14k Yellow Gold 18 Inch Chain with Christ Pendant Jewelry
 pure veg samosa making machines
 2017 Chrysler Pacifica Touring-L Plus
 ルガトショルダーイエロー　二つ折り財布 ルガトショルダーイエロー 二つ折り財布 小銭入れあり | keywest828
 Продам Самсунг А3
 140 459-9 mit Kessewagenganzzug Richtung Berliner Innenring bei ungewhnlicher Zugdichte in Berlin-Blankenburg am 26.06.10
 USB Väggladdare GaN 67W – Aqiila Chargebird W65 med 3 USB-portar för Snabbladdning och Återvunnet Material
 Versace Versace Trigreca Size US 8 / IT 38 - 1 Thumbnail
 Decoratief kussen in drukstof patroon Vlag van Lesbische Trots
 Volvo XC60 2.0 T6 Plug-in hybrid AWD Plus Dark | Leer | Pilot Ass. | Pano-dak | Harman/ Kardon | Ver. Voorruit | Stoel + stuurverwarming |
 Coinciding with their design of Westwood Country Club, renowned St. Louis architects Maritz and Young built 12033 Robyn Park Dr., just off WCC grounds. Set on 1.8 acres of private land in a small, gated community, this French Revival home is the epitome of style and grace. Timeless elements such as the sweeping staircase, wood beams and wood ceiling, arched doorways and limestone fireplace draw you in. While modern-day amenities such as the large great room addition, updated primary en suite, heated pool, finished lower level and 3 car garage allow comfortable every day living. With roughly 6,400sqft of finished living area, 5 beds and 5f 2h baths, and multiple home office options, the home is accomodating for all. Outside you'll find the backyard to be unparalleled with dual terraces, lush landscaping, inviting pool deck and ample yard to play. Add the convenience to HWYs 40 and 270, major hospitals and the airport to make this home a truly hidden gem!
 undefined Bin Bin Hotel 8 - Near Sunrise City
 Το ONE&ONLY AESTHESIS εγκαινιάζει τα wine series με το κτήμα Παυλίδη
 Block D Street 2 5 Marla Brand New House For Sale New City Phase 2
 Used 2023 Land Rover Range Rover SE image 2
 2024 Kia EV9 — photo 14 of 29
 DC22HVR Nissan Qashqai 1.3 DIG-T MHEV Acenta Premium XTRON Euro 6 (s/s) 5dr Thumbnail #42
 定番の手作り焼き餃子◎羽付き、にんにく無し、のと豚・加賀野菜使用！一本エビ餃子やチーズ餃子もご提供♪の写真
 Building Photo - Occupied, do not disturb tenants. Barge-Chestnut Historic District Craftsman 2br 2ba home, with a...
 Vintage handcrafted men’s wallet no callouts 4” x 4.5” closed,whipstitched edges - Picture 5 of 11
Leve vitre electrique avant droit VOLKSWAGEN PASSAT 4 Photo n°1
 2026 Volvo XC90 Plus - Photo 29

■ ■ ■ ■ ■

◆ What you should do ◆
Locate all lines in the listing above with the word "Plus" and copy them.

◆ Answer to this problem ◆
 2017 Chrysler Pacifica Touring-L Plus
 Volvo XC60 2.0 T6 Plug-in hybrid AWD Plus Dark | Leer | Pilot Ass. | Pano-dak | Harman/ Kardon | Ver. Voorruit | Stoel + stuurverwarming |
 2026 Volvo XC90 Plus - Photo 29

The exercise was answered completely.